PJ Networks Integration
This is where me and my team shine. Here, at PJ Networks, we are about more than simply fitting technology. We are doing the hard work of integrating and validating each piece for you to fit in your specific ecosystem.
- Proper workload mapping so the direct cloud tunnels are both performant and secure
- Configuring Fortinet SD-WAN orchestration for dynamic routing management
- Building security layers that support zero-trust model
- Continuous monitoring and optimization: the network is living and requires patience
And we utilize those Fortinet management consoles for centralized visibility into performance and threat intelligence. You’re looking for real alerts, not noise.
Quick Take
- The complication of the cloud with SD-WAN integration may be a real challenge
- Map your cloud resources before establishing connections
- Take advantage from Fortinet’s direct cloud capabilities for improved routing and lower latency
- Enforce micro-segmentation and zero-trust security policies with zero tolerance
- Test, test, test before you go live
- PJ Networks provides end-to-end integration and supervision to catch the problems sooner
Before I go, a little rant — password policies. So, if you are forcing users to alter complex passwords every 30 days and not coupling that with multi-factor authentication, monitoring, and so on—you’re pissing your users and your helpdesk off. Security isn’t just a checklist. It’s a lifestyle. And the shiny AI-powered security buzzwords that’s supposed to allow me to stop worrying without understanding what is under the hood?

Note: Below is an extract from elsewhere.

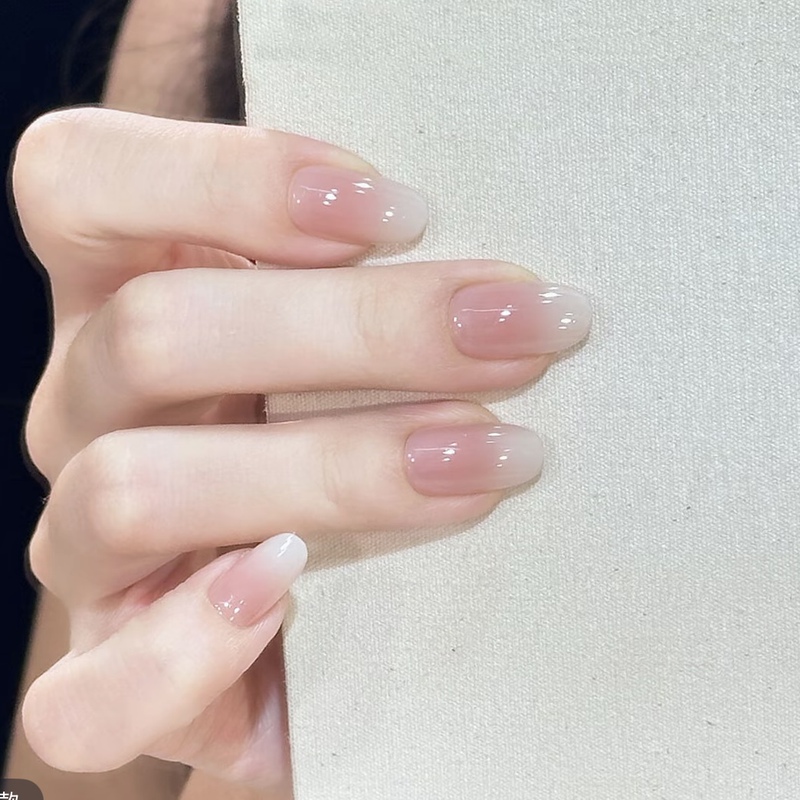 Nude Color Wearable Nails, Gradient Short Style, Lactic Acid Bacteria, Handmade, Whitening, Student Nail Patches, Removable, Whitening Nails Nude Color Wearable Nails, Gradient Short Style, Lactic Acid Bacteria, Handmade, Whitening, Student Nail Patches, Removable, Whitening Nails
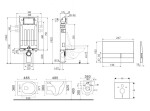 Kielle - Genesis Set předstěnové instalace, kompaktního klozetu Gaia, sedátka softclose a tlačítka Gemini I, lesklá černá 30505SS60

Anyhow, if you’re ready to have your cloud-onboarding secured under the structure of Fortinet SD-WAN — you know what to do. I’ve been around the block enough to know when a network’s about to go down the tubes, and how to get it back on the road faster than you can say oops.
Still feeling a little high from DefCon’s hardware hacking village — but that’s a story for another cup of coffee.